Stored records:
<<<<
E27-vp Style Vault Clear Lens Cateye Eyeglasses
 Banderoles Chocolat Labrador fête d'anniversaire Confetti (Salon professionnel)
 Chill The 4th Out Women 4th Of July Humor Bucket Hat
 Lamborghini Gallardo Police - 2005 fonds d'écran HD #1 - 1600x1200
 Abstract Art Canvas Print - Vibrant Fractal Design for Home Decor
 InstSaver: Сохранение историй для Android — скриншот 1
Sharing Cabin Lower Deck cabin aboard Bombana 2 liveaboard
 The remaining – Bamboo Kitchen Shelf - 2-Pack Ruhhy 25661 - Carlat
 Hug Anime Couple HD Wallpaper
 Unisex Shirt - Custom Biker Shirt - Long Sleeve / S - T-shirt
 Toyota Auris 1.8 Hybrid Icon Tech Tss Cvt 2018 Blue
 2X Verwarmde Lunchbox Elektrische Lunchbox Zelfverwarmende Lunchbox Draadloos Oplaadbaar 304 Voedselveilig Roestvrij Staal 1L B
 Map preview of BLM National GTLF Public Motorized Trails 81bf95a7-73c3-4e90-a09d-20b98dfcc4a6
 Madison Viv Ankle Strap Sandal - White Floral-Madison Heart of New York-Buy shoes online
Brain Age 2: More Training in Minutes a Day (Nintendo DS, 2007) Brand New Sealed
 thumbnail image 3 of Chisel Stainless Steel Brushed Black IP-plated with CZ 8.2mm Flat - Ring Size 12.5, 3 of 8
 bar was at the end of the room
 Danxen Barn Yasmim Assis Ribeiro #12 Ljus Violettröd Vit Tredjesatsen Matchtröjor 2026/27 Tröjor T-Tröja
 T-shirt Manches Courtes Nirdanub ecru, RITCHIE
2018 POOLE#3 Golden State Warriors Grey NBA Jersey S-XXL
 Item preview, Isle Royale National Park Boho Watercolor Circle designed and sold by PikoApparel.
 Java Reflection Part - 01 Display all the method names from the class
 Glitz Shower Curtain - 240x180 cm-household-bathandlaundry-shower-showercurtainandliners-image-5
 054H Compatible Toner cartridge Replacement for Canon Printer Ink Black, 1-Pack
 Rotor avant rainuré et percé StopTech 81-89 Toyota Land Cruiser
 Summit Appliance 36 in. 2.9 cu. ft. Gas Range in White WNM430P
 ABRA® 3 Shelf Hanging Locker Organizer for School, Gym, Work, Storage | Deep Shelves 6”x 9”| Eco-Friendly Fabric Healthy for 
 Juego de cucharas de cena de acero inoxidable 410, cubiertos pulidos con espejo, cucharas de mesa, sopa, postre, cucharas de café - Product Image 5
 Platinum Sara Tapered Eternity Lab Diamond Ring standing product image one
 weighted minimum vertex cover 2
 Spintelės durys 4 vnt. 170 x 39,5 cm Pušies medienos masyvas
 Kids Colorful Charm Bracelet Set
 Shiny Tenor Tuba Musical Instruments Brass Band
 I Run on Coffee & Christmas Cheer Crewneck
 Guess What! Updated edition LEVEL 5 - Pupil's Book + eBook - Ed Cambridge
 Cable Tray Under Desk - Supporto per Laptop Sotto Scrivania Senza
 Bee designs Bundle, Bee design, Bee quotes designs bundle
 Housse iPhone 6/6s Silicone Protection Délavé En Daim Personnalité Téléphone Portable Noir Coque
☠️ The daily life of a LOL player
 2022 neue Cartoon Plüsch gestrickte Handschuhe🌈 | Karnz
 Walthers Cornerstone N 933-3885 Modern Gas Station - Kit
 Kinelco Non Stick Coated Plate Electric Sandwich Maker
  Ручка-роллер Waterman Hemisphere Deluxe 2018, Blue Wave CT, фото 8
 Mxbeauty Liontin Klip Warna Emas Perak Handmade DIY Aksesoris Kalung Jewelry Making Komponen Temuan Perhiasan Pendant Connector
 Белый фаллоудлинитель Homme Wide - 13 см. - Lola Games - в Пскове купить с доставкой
>>>>
> PROBLEM DETAILS
Read through the entries above and copy each line that has the string "Blue" in it.

> EXPECTED ANSWER
 Toyota Auris 1.8 Hybrid Icon Tech Tss Cvt 2018 Blue
  Ручка-роллер Waterman Hemisphere Deluxe 2018, Blue Wave CT, фото 8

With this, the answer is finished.